## WHAT TO DO
Print all the data below exactly, without images.

## RECORDED INFORMATION
++++++++++++++++++++

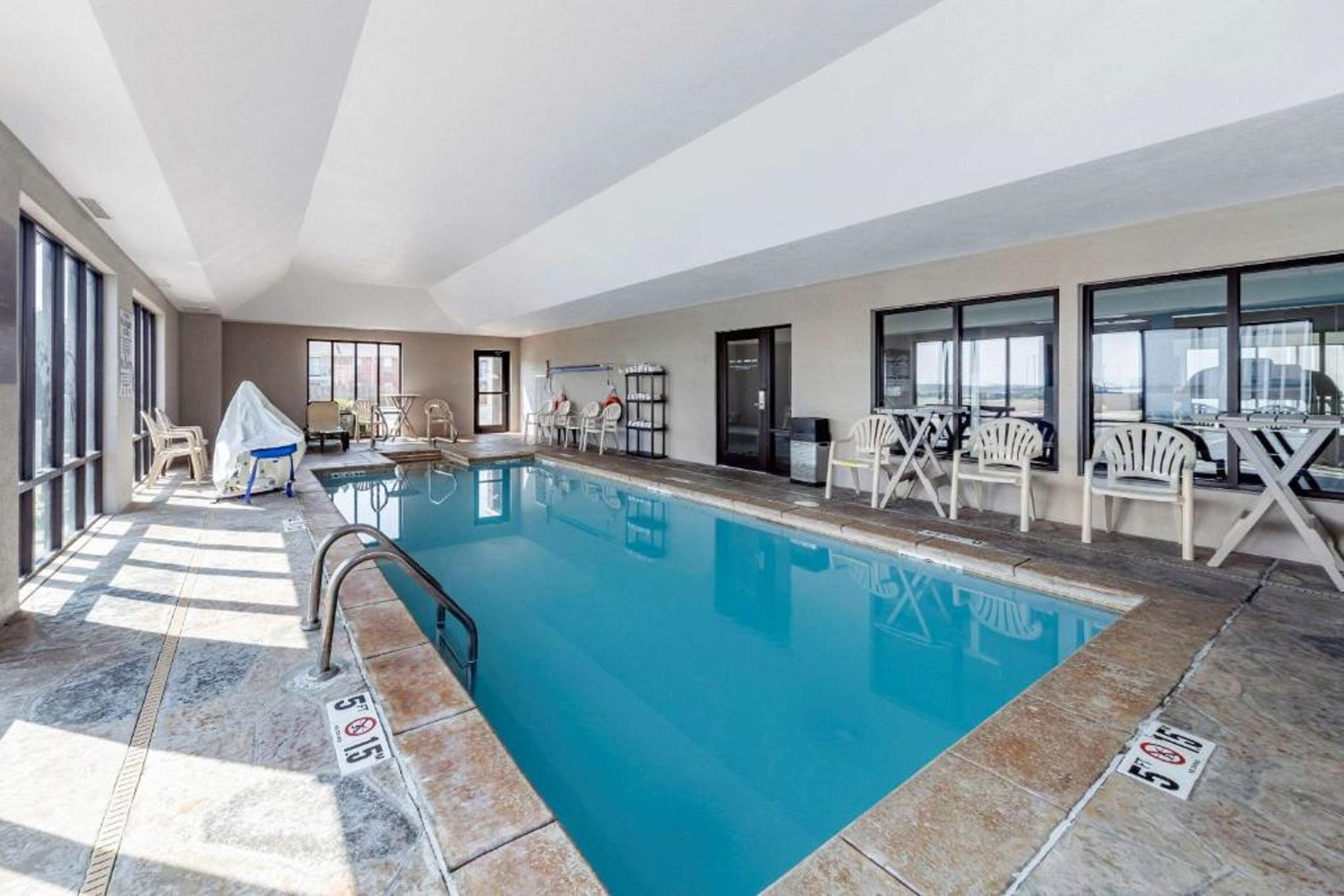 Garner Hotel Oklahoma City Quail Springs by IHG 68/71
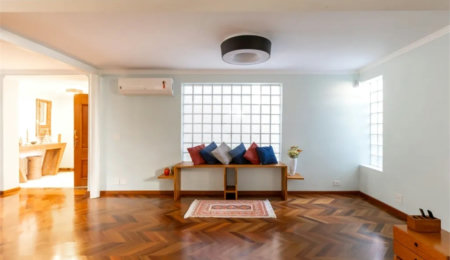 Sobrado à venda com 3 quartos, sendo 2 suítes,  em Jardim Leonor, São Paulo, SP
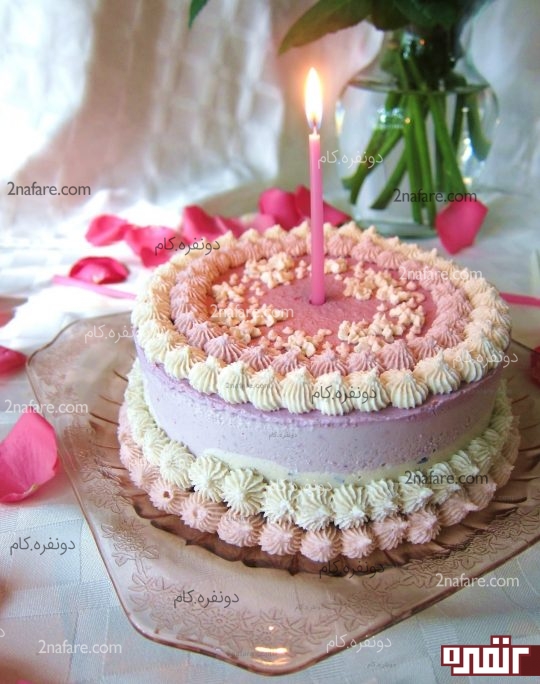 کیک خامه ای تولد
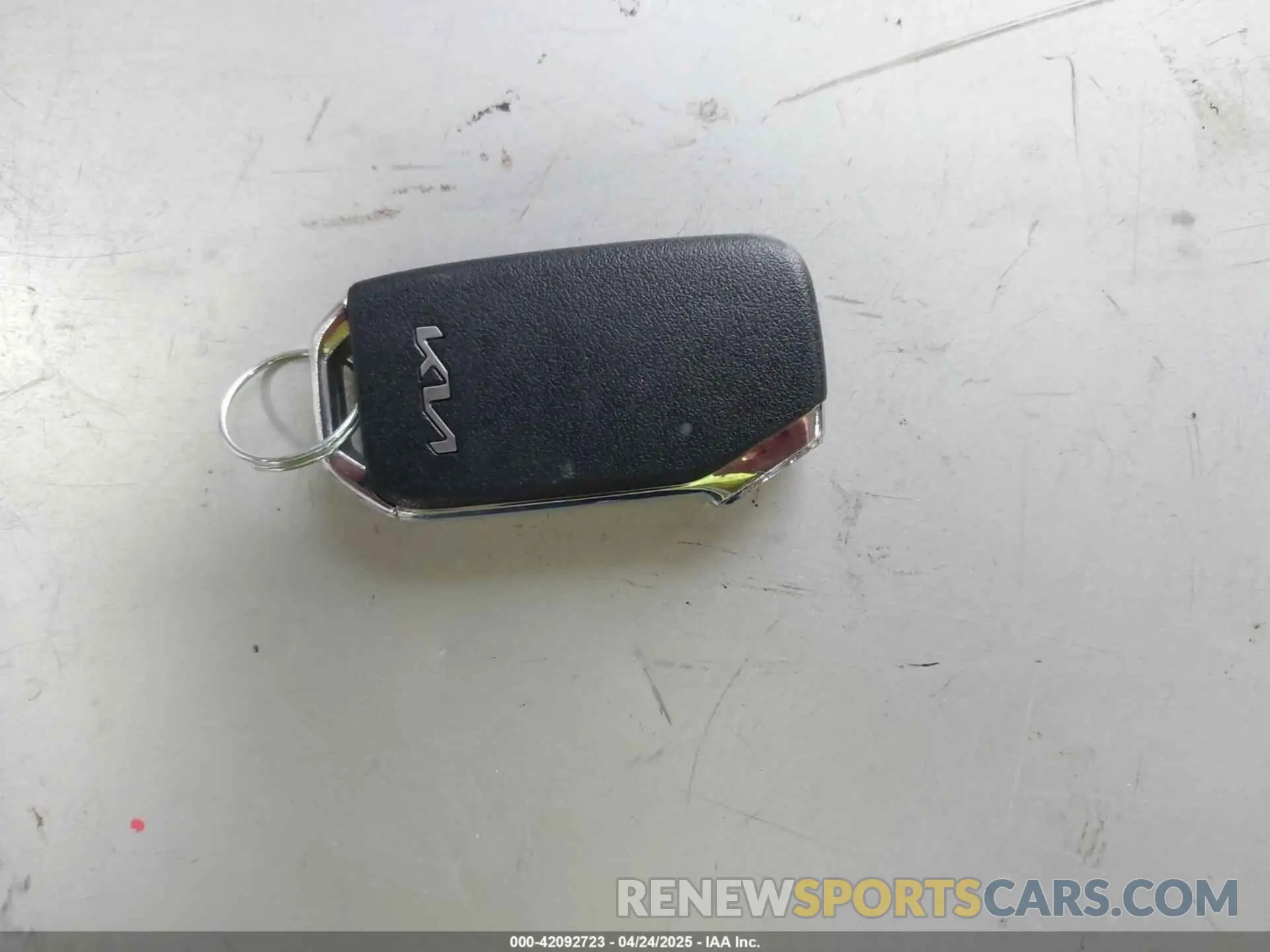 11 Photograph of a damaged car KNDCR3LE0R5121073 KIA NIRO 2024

++++++++++++++++++++

## OUTPUT OF THE TASK
 Garner Hotel Oklahoma City Quail Springs by IHG 68/71
 Sobrado à venda com 3 quartos, sendo 2 suítes,  em Jardim Leonor, São Paulo, SP
 کیک خامه ای تولد
 11 Photograph of a damaged car KNDCR3LE0R5121073 KIA NIRO 2024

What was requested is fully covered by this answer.